*** MATERIAL PROVIDED Section Begins ***
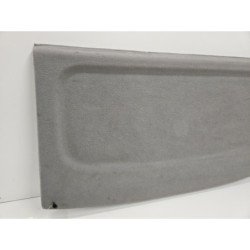 Plage Arriere Volkswagen Golf 4 (3)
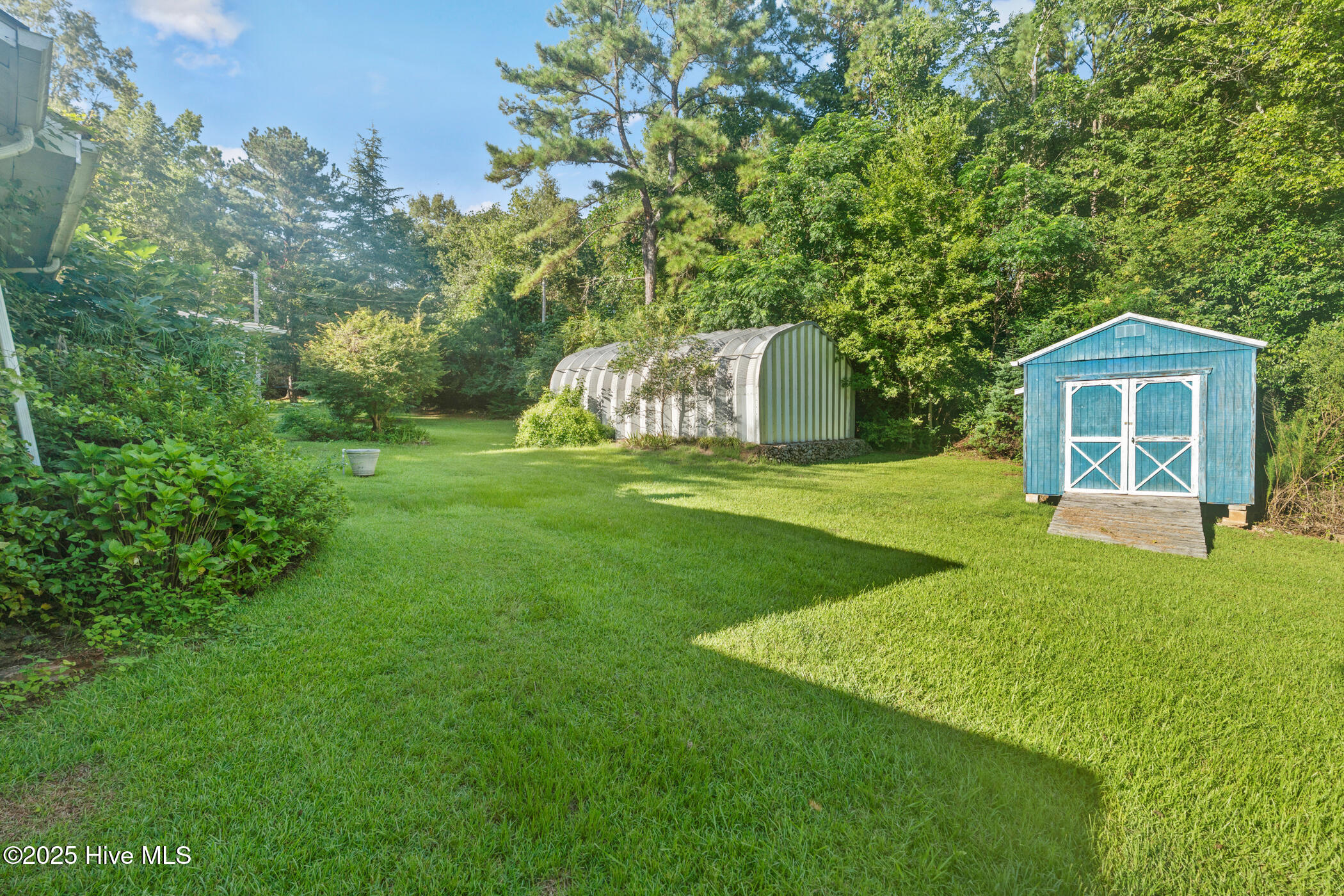 350 Lake Road Rockingham, NC 28379 - Photo 33 of 53 A7409758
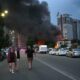 Kiev sous les bombes 22 morts en une nuit et une rencontre décisive qui se prépare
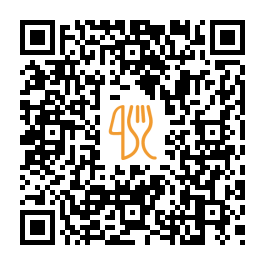 Carte QR de New Bus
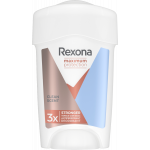 rexona-maximum-protection-clean-scent-stick-50-ml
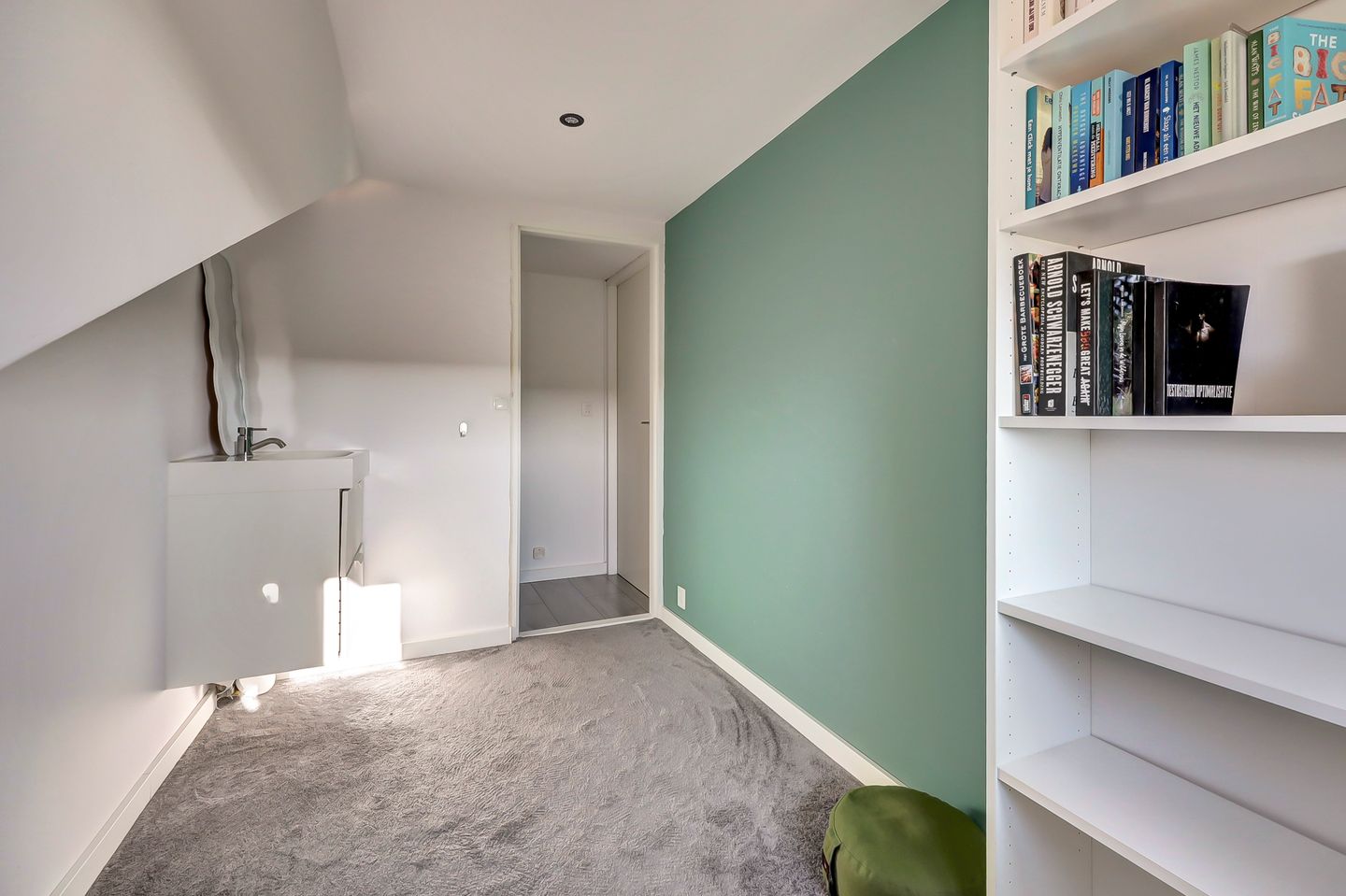 Foto 44 van Magda Janssenstraat 20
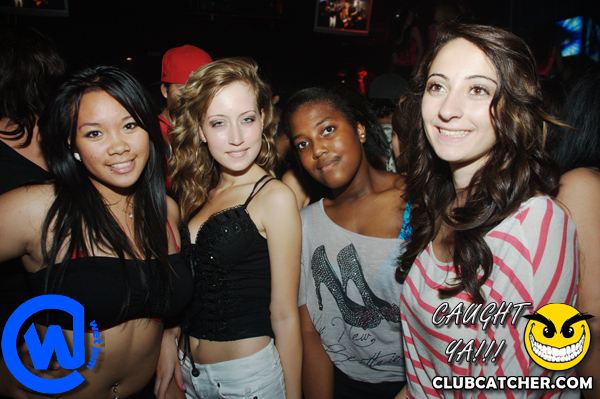 Body English nightclub photo 46 - June 26th, 2011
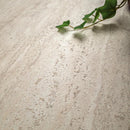 Cordova 24"x48" Matte 3D Porcelain Antislip Tile - MSI Collection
*** MATERIAL PROVIDED Section Ends ***
Leave every picture out and copy precisely the lines from the one containing "Kiev sous les" through the last line of the data above, both ends included.

ANSWER TO THIS PROBLEM:
 Kiev sous les bombes 22 morts en une nuit et une rencontre décisive qui se prépare
 Carte QR de New Bus
 rexona-maximum-protection-clean-scent-stick-50-ml
 Foto 44 van Magda Janssenstraat 20
 Body English nightclub photo 46 - June 26th, 2011
 Cordova 24"x48" Matte 3D Porcelain Antislip Tile - MSI Collection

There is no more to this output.